Rioters claiming to protest against rising rents threw bottles and stones at two banks and shops and set fire to waste containers. Police used water cannon to break up the mob but did not give a figure of those detained.
Evening clashes have become a regular feature of International Workers’ Day in Europe’s top economy but thousands of police were deployed in Berlin and Hamburg, Germany’s second city and biggest port, bracing for street violence.
On Saturday night clashes between 4,000 far-left demonstrators and police left 10 police injured in Hamburg.
On Sunday around 4,000 anti-fascists demonstrated against a far-right rally in the northern city of Bremen. Two police were mildly injured.
Last year, eight police officers and a fireman were injured in clashes in Berlin’s traditionally leftist Kreuzberg district as demonstrators torched cars and rubbish bins. In Hamburg, five policemen and a firefighter were also hurt.

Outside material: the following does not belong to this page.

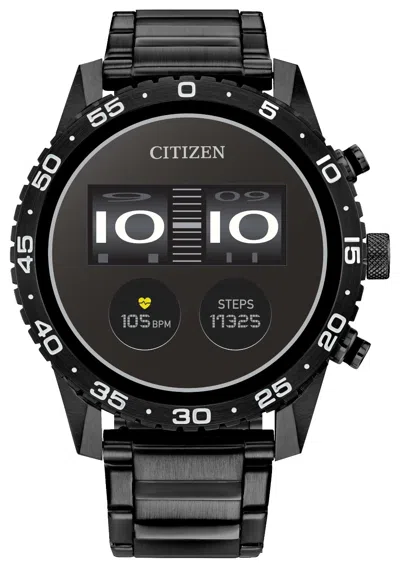 Pre-owned Citizen Cz Smart Touchscreen Black Stainless Steel Smart Watch 44mm Mx1017-50x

Trade unions said more than 420,000 people rallied across Germany on Sunday for May 1.
“May 1 is not a public holiday. It is a day when we demonstrate for the rights of working people,” DGB head Michael Sommer, head of the trade union federation DGB, said at the main rally in Kassel, central Germany.
“Fair wages, decent work and social security is the minimum that workers in this country expect, need and have to fight for again and again,” he said, calling the rallies a “clear signal” to Chancellor Angela Merkel’s government.
The turnout last year was estimated by the DGB at 484,000.
Europe’s biggest economy has shown a strong rebound since suffering its worst postwar recession in 2009, recording growth of 3.6 percent in 2010 and unemployment currently at its lowest level in around 20 years.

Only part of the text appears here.